1.  **Write Code** (using `LLMNode`)
2.  **Test Code** (using `ToolNode`)
3.  **Judge Result** (using `RouterNode`)
4.  If the test fails, it **loops back** to an `LLMNode` (the "Corrector") with the error message, clears the error, and tries again.

### Graph Architecture

![Lár Self-Correcting Agent Architecture](assets/lar_architecture.jpeg)

### Building the Graph

```python
from lar import *

# 1. Define the tools and logic
def run_generated_code(code_string: str) -> str:
    # ... (executes code, raises ValueError on logic error)
    pass

def judge_function(state: GraphState) -> str:
    # ... (checks state for "last_error", returns "failure" or "success")
    pass

# 2. Define the agent's nodes
success_node = AddValueNode(key="final_status", value="SUCCESS", next_node=None)
tester_node = ToolNode(tool_function=run_generated_code, ...)
clear_error_node = ClearErrorNode(next_node=tester_node)

corrector_node = LLMNode(
    prompt_template="Fix this code: {code_string}. Error: {last_error}",
    output_key="code_string",
    next_node=clear_error_node
)

judge_node = RouterNode(
    decision_function=judge_function,
    path_map={"success": success_node, "failure": corrector_node}
)

# Set the tester node's paths
tester_node.next_node = judge_node
tester_node.error_node = judge_node
```

-----

## Project Vision: `lar` & `Snath™`

This project follows a professional Open-Core model.

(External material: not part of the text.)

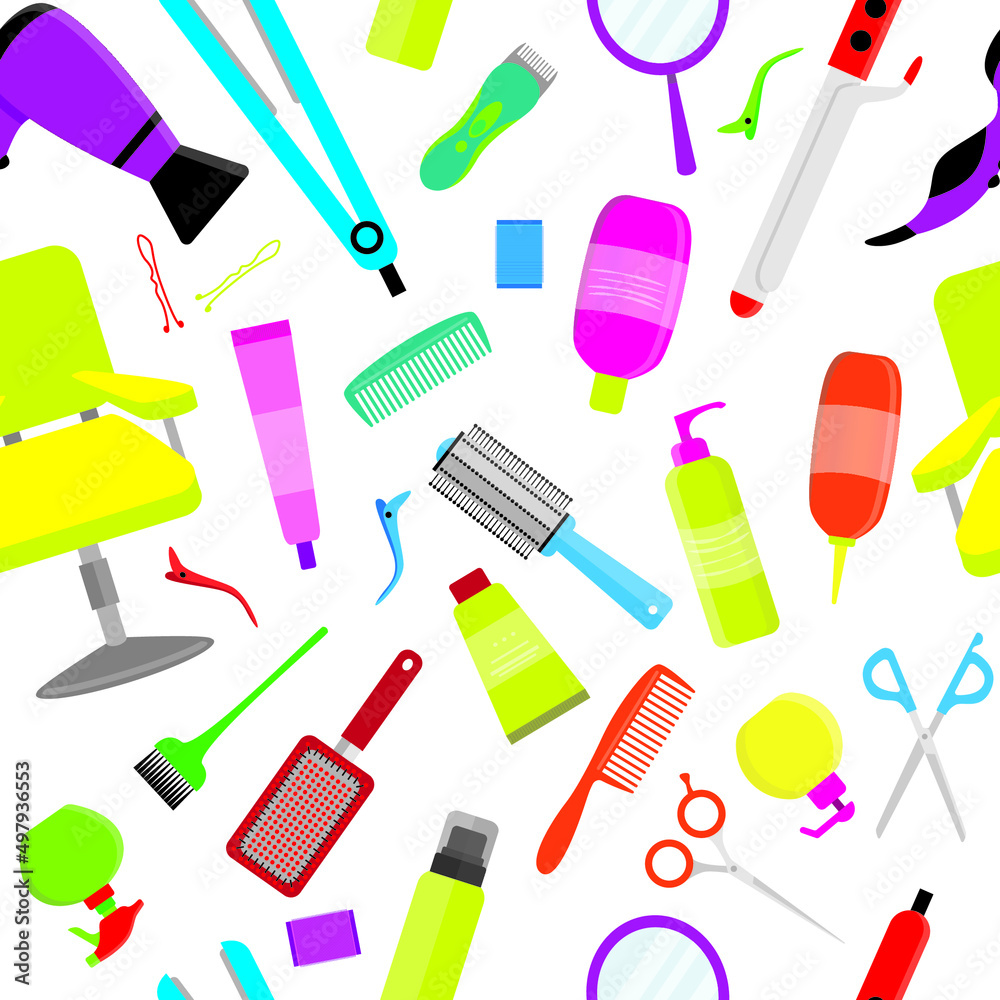 Colorful hair styling tools kit collection seamless pattern. Accessories, shampoo, comb, hair curler, hairdryer, hair straightener, hairbrush, hairspray, mirror, hairpins ecc. Colorful hair styling tools kit collection seamless pattern. Accessories, shampoo, comb, hair curler, hairdryer, hair straightener, hairbrush, hairspray, mirror, hairpins ecc.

  * **`lar` (The Core Engine):** This repository. The `lar` library is, and always will be, free and open-source (MIT License). It is the core framework for building and running agents.

  * **`Snath™` (The Commercial Platform):** The future commercial, managed platform for teams and enterprises, available at **`snath.ai`**. `Snath™` will provide a hosted, collaborative environment for deploying, managing, monitoring, and debugging `lar`-based agents at scale. The `snath_app.py` in this repo is the first prototype of this platform.

## Contributing

We welcome contributions to `lar`. Please open an issue or submit a pull request for any bugs, features, or documentation improvements.

## License

This project is licensed under the MIT License.